Clinical and Translational Neuroscience Unit, Feil Family Brain and Mind Research Institute, Weill Cornell Medical College, 407 East 61 St, New York, NY, 10065, USA.
Department of Neurology, Columbia College of Physicians and Surgeons, New York, NY, USA.
Neurocrit Care. 2019 Feb;30(1):177-184. doi: 10.1007/s12028-018-0598-5.
We sought to characterize the specialty classification of US physicians who provide critical care for neurological/neurosurgical disease.
Using inpatient claims between 2009 and 2015 from a nationally representative 5% sample of Medicare beneficiaries, we selected hospitalizations for neurological/neurosurgical diseases with potential to result in life-threatening manifestations requiring critical care. Using Current Procedural Terminology codes, we determined the medical specialty of providers submitting critical care claims, and, using National Provider Identifier numbers, we merged in data from the United Council for Neurologic Subspecialties (UCNS) to determine whether the provider was a UCNS diplomate in neurocritical care. We defined providers with a clinical neuroscience background as neurologists, neurosurgeons, and/or UCNS diplomates in neurocritical care.
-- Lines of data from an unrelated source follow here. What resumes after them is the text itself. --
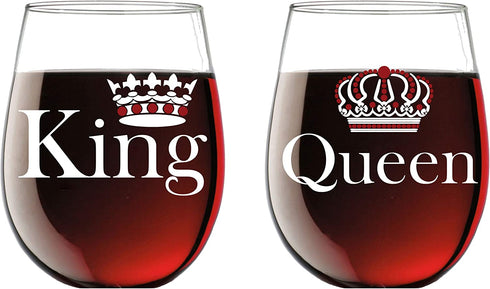 King and Queen 15oz Crystal Wine Glass Set- Unique Engagement for Him and Her - Fiance Fiancee Engagement Wedding Anniversary for Couple Bride Groom - CBT Wine Glasses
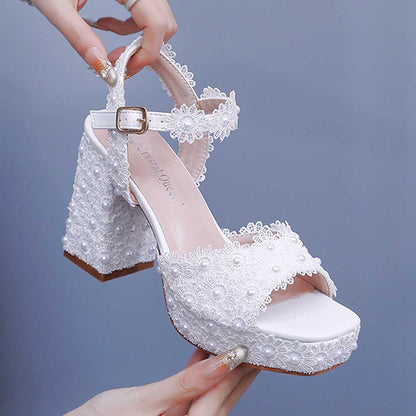 Platform Wedding Shoes Flower Appliqued Block Heeled Bridal Shoes Prom Heels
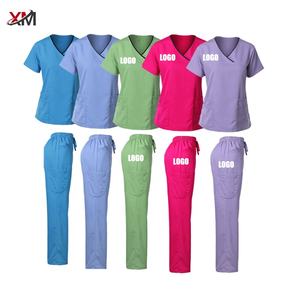 Transpirable Spa belleza médica enfermería Scrubs para mujeres personalizado estiramiento Scrubs uniformes conjuntos enfermera hombres Hospital enfermera uniforme - Product Image 1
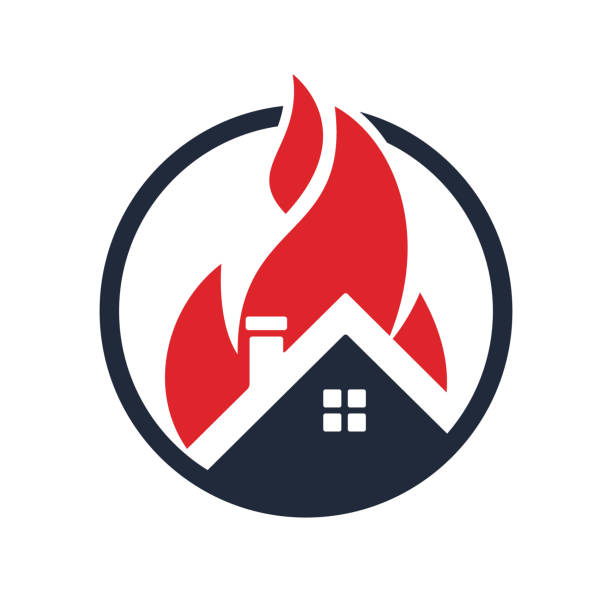 House fire vector logo design template. Preventing fire or fire alarm logo concept. Fire flames and house building vector icon design. house fire stock illustrations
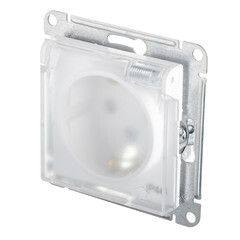 Розетка Systeme Electric AtlasDesign Aqua встраиваемая белая со шторками с крышкой (ATN440146) - фото 3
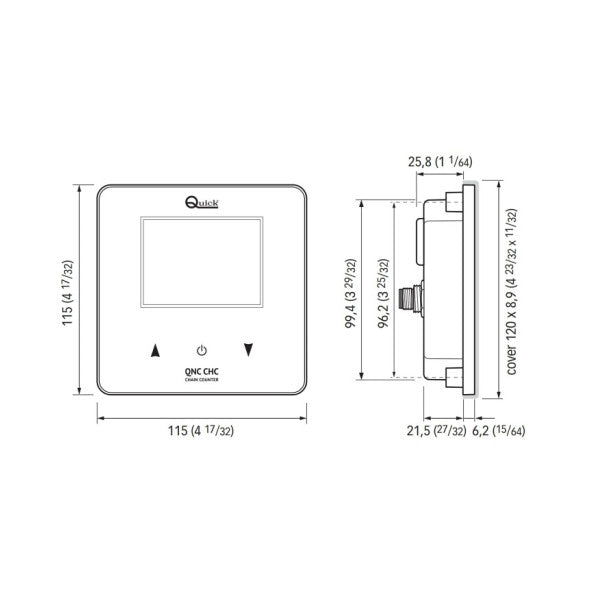 Panneau de commande pour guindeau et compteur de chaîne Quick QNC CHC Marine 12/24V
We defined neurocritical care service as a critical care claim with a qualifying neurological/neurosurgical diagnosis in patients with a relevant primary hospital discharge diagnosis and ≥ 3 total critical care claims, excluding claims from the first day of hospitalization since these were mostly emergency-department claims. Our findings were reported using descriptive statistics with exact confidence intervals (CI).
Among 1,952,305 Medicare beneficiaries, we identified 99,937 hospitalizations with at least one claim for neurocritical care. In our primary analysis, neurologists accounted for 28.0% (95% CI, 27.5-28.5%) of claims, neurosurgeons for 3.7% (95% CI, 3.5-3.9%), UCNS-certified neurointensivists for 25.8% (95% CI, 25.3-26.3%), and providers with any clinical neuroscience background for 42.8% (95% CI, 42.2-43.3%). The likelihood of management by physicians with a clinical neuroscience background increased proportionally with patients' county-level socioeconomic status and such providers were 3 times more likely to be based at an academic medical center than other physicians who billed for critical care in our sample (odds ratio, 2.9; 95% CI, 1.1-8.1).
Physicians with a dedicated clinical neuroscience background accounted for less than half of neurocritical care service in US Medicare beneficiaries.
我们旨在描述为神经/神经外科疾病提供重症监护的美国医生的专业分类。
我们使用了来自全国代表性的 5%的 Medicare 受益人的住院患者索赔数据,选择了有发生危及生命的表现、需要重症监护的神经/神经外科疾病住院患者。我们使用了当前程序术语代码确定了提交重症监护索赔的提供者的医疗专业,并且使用了国家提供者标识符号码,合并了来自美国神经科专业委员会 (UCNS) 的数据,以确定提供者是否为神经重症监护的 UCNS 理事会会员。我们将具有临床神经科学背景的提供者定义为神经病学家、神经外科医生和/或神经重症监护的 UCNS 理事会会员。我们将神经重症监护服务定义为在具有相关主要医院出院诊断且≥3 次总重症监护索赔的患者中,有资格进行神经重症监护的索赔,不包括住院第一天的索赔,因为这些索赔主要是急诊索赔。我们使用描述性统计和确切置信区间 (CI) 报告了我们的发现。
在 1952305 名 Medicare 受益人中,我们确定了 99937 例至少有一次神经重症监护索赔的住院患者。在我们的主要分析中,神经病学家占索赔的 28.0%(95%CI,27.5-28.5%),神经外科医生占 3.7%(95%CI,3.5-3.9%),UCNS 认证的神经重症监护医生占 25.8%(95%CI,25.3-26.3%),具有任何临床神经科学背景的提供者占 42.8%(95%CI,42.2-43.3%)。具有临床神经科学背景的医生管理的可能性与患者所在县的社会经济地位成正比,与我们样本中其他开具重症监护账单的医生相比,这些医生在学术医疗中心工作的可能性高 3 倍(优势比,2.9;95%CI,1.1-8.1)。
在美国 Medicare 受益人中,具有专门临床神经科学背景的医生仅占神经重症监护服务的不到一半。